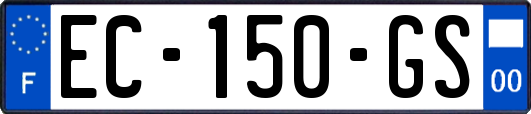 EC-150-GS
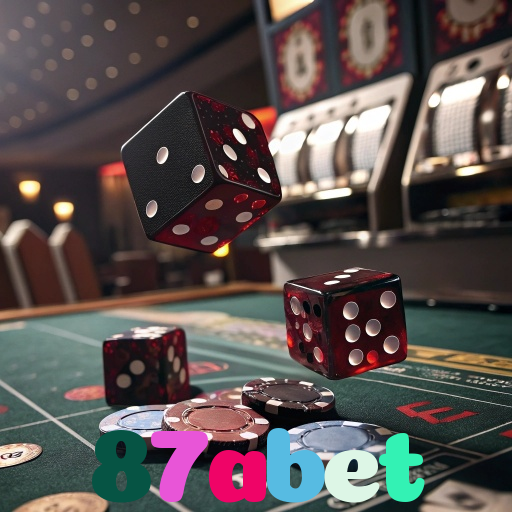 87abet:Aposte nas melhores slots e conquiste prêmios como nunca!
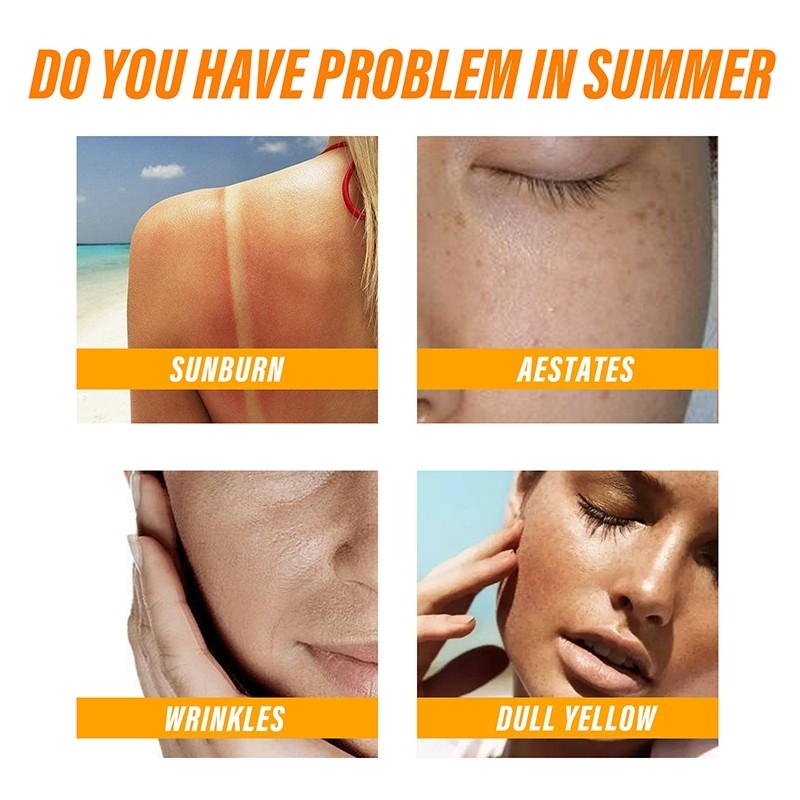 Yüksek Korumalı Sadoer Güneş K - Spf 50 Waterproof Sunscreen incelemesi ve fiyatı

---

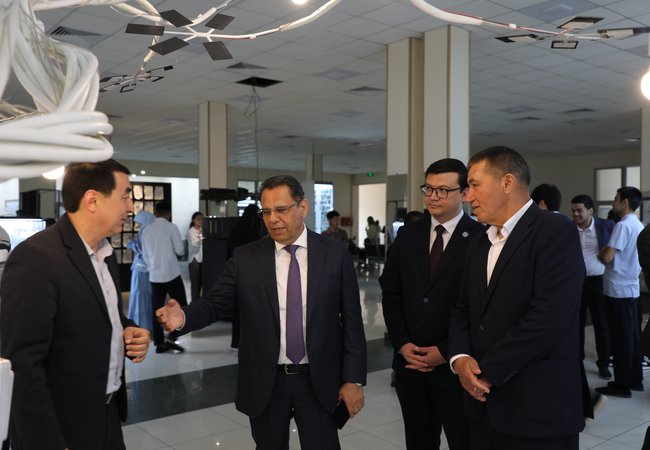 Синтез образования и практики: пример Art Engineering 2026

ASSIGNMENT: Using the entries above, repeat exactly the lines from the one with "87abet:Aposte nas melhores" to the one with "Yüksek Korumalı Sadoer", both included, and leave the pictures behind.

SOLUTION TO THE EXERCISE:
 87abet:Aposte nas melhores slots e conquiste prêmios como nunca!
 Yüksek Korumalı Sadoer Güneş K - Spf 50 Waterproof Sunscreen incelemesi ve fiyatı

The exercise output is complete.